Los Angeles pursues 2024 Olympics
Los Angeles: Los Angeles mayor Antonio Villaraigosa wrote a letter expressing "enthusiastic interest" in bidding for the 2024 Olympics, the US Olympic Committee (USOC) revealed.
Los Angeles, the host city of 1932 and 1984 Games, wants to bring the Olympics back to southern California.
The USOC is deciding whether to bid for the 2024 Games and recently sent a letter to 35 of America`s largest cities to gauge interest. USOC CEO Scott Blackmun said the federation has received a handful of responses and he is pleased with how the process is going.
He said he was "delighted" Los Angeles has expressed interest. "Obviously, LA can handle the Games," Blackmun said Friday after the USOC`s quarterly board meeting.
The 1984 Los Angeles Games were considered a triumph, coming at a time when the US and Soviet Union were trading boycotts, when the Games were largely viewed as money-losing propositions and when cities were reluctant to try for them as Tehran was the only other city that expressed any interest in hosting the 1984 Games.

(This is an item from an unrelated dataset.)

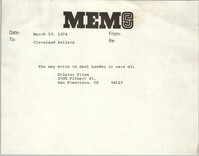 Memorandum to Cleveland Sellers, March 19, 1974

But Los Angeles lost out to Chicago in the domestic bid process the USOC held to choose its 2016 candidate. That was a lengthy, costly, somewhat unwieldy affair that Blackmun said will not be repeated if the USOC decides to try for the 2024 Games.
Los Angeles would be vying to join London as the only three-time hosts. Among those backing a Los Angeles bid include actor Tom Hanks, Walt Disney chair Robert Iger and Magic Johnson.
Leaders in Chicago, which spent around $10 million during the domestic bid process that eventually led to its last-place finish in the 2016 voting, have said they don`t intend to try again.
The United States last hosted the Summer Olympics in 1996 in Atlanta. Salt Lake City hosted the last Winter Games in 2002. Candidates for the 2024 Games must declare themselves by 2015, with the Games awarded in 2017. Blackmun said the USOC will decide in late 2014 whether to field a candidate for 2024.